[Captioned web image data]
[Start of Attachment]
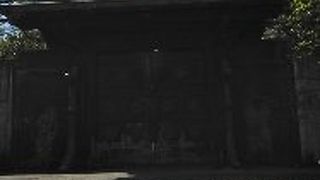 大殿の裏側にある徳川家墓所には二代秀忠をはじめとする6人の将軍が埋葬されています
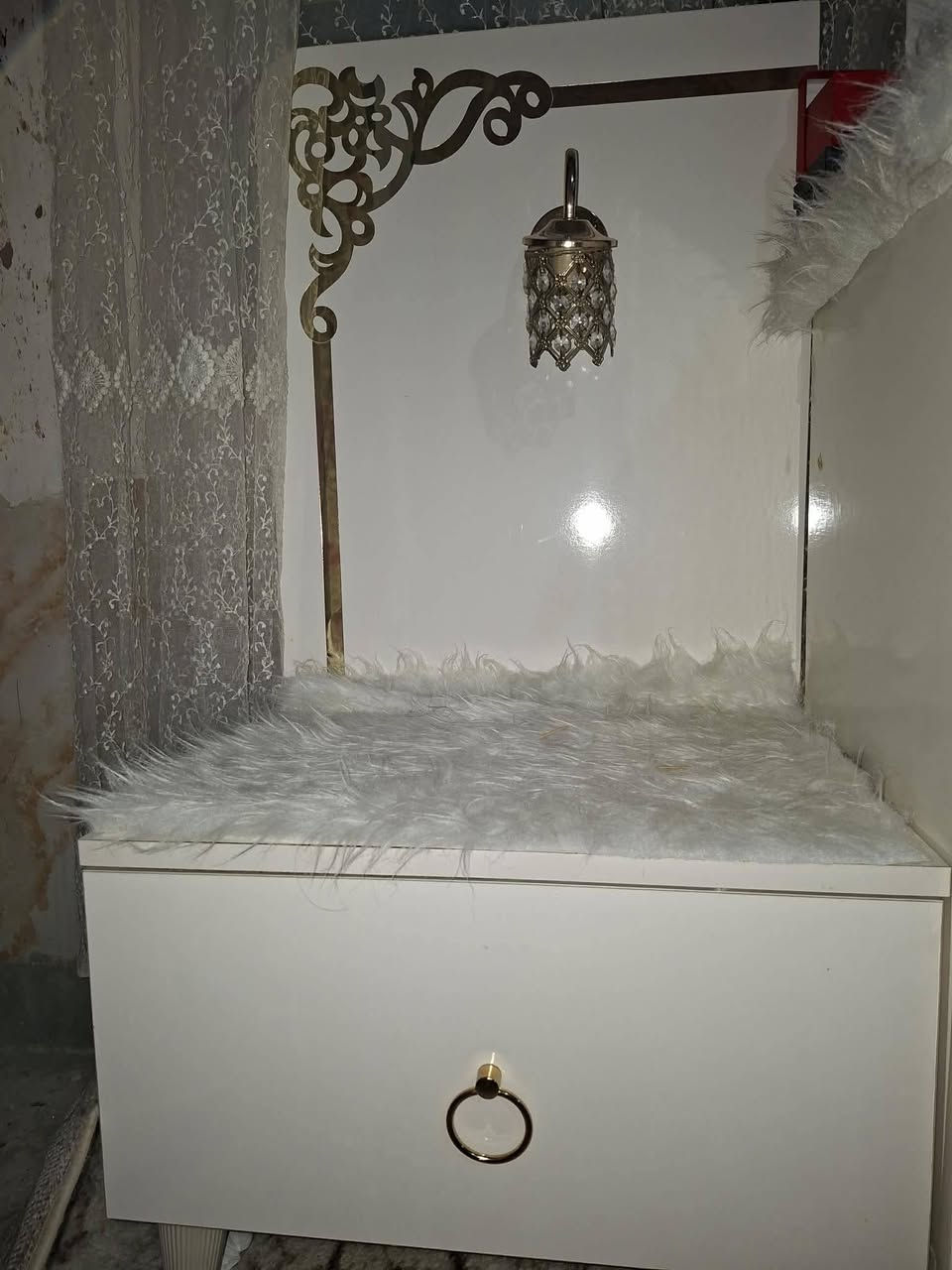 غرفة نوم ٧ قطع ٣٥٠ الف بدون دوشك 
***********
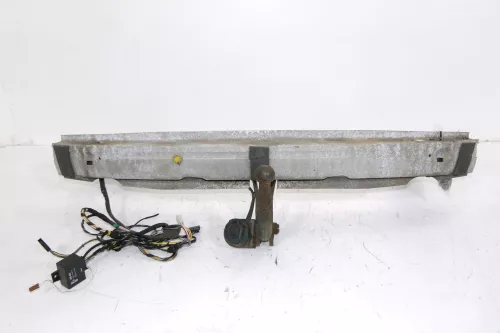 Audi A6 4B starre starr Anhängerkupplung Anhängekupplung Bosal 033181 (123968)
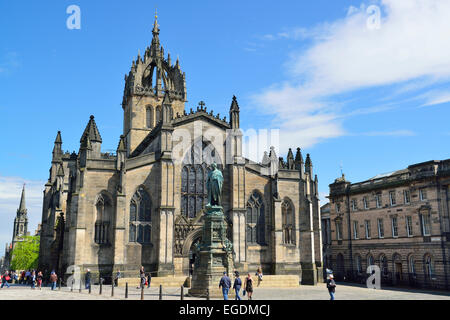 Denkmal von Walter Scott mit St. Giles Kathedrale, Royal Mile, UNESCO World Heritage Site Edinburgh, Edinburgh, Schottland, Großbritannien, Vereinigtes Königreich Stockfoto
[End of Attachment]
__The problem__
Copy out the preceding entries without a single change, leaving out the pictures.

__Exercise result__
 大殿の裏側にある徳川家墓所には二代秀忠をはじめとする6人の将軍が埋葬されています
 غرفة نوم ٧ قطع ٣٥٠ الف بدون دوشك 
***********
 Audi A6 4B starre starr Anhängerkupplung Anhängekupplung Bosal 033181 (123968)
 Denkmal von Walter Scott mit St. Giles Kathedrale, Royal Mile, UNESCO World Heritage Site Edinburgh, Edinburgh, Schottland, Großbritannien, Vereinigtes Königreich Stockfoto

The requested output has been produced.